__Information provided__:
##############################
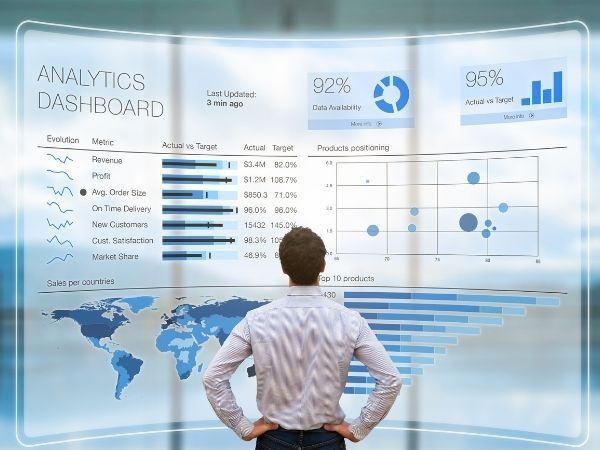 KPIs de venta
##############################
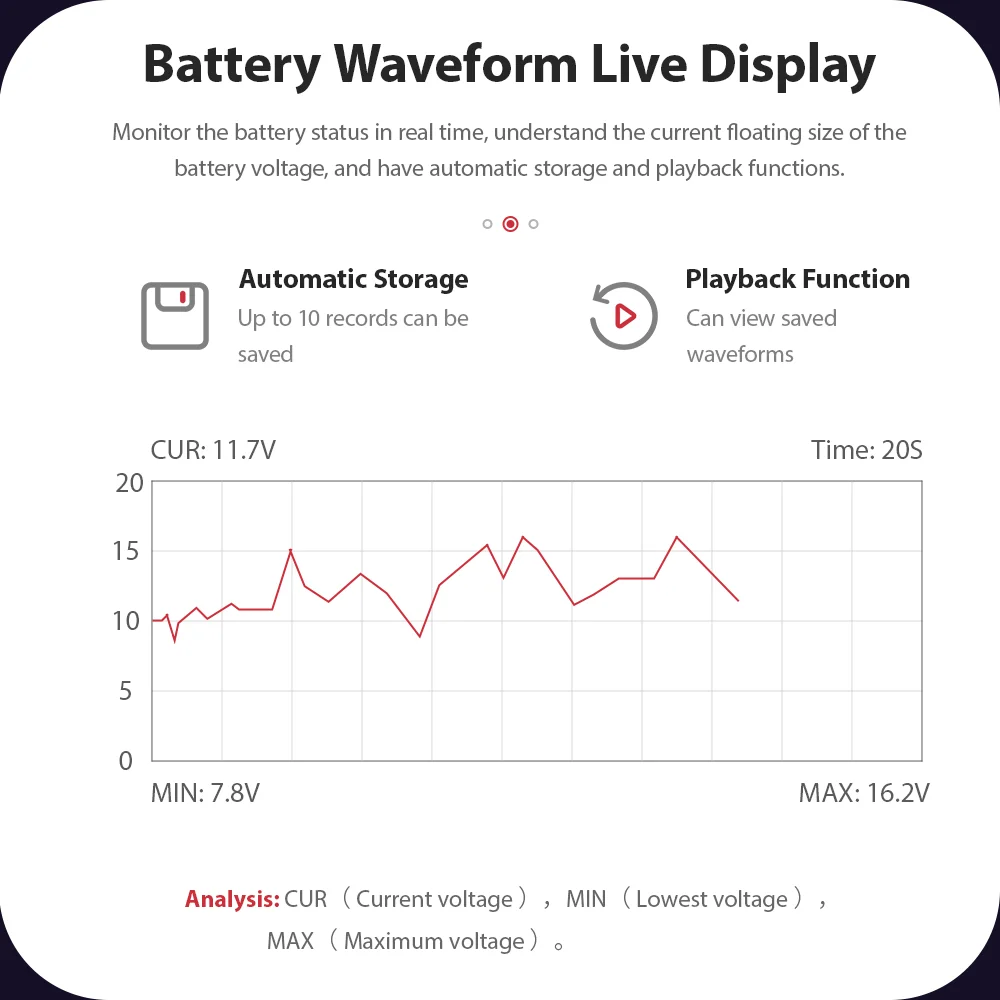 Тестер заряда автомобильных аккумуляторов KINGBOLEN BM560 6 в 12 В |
##############################
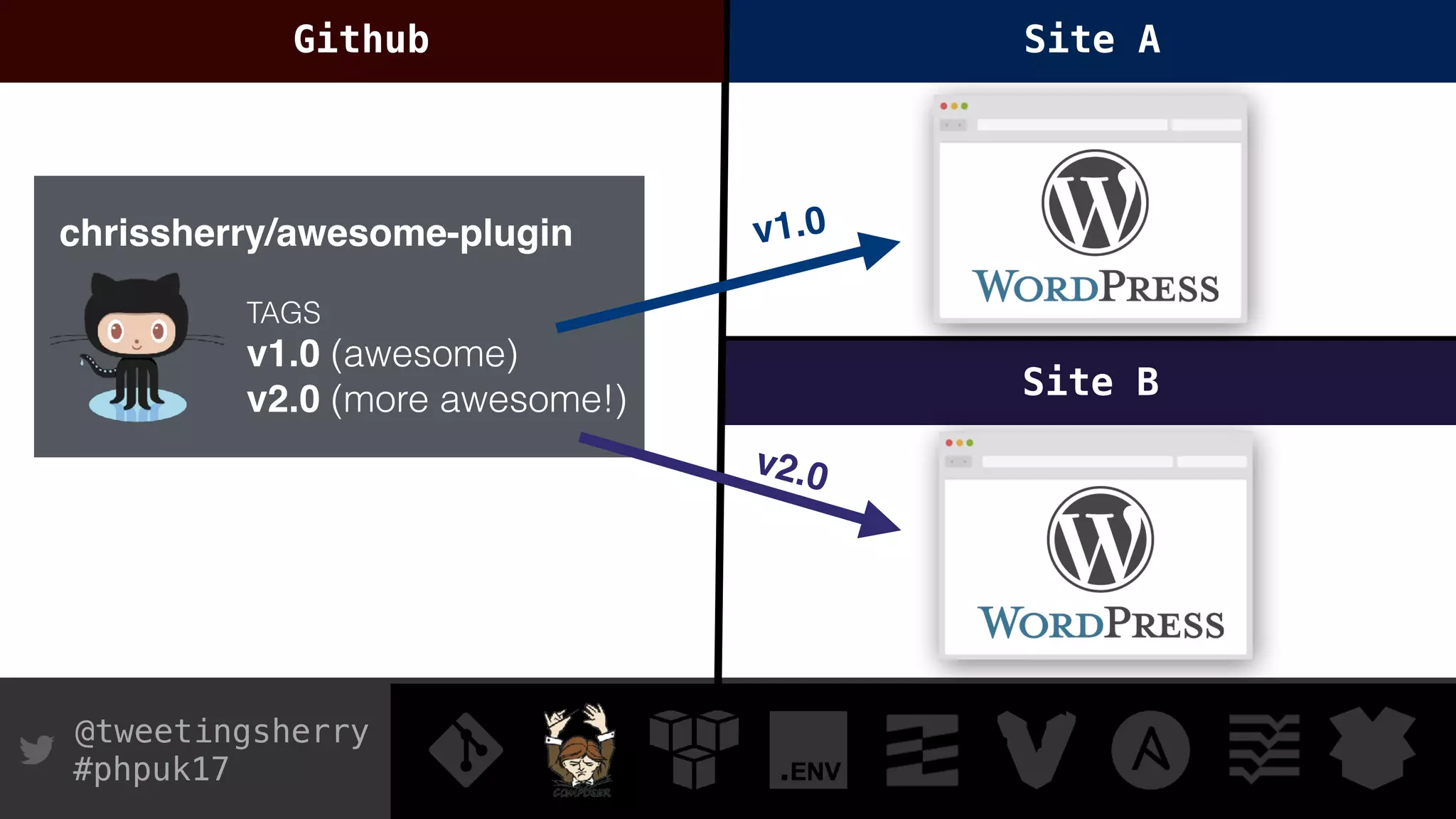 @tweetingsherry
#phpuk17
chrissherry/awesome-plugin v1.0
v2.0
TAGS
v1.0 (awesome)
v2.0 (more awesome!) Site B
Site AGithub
##############################
__What the task requires__: Word for word, restate the lines of the data above that fall between the line holding "v1.0 (awesome)" and the line holding "Site AGithub", inclusive, and no other lines.

__Answer space__:
v1.0 (awesome)
v2.0 (more awesome!) Site B
Site AGithub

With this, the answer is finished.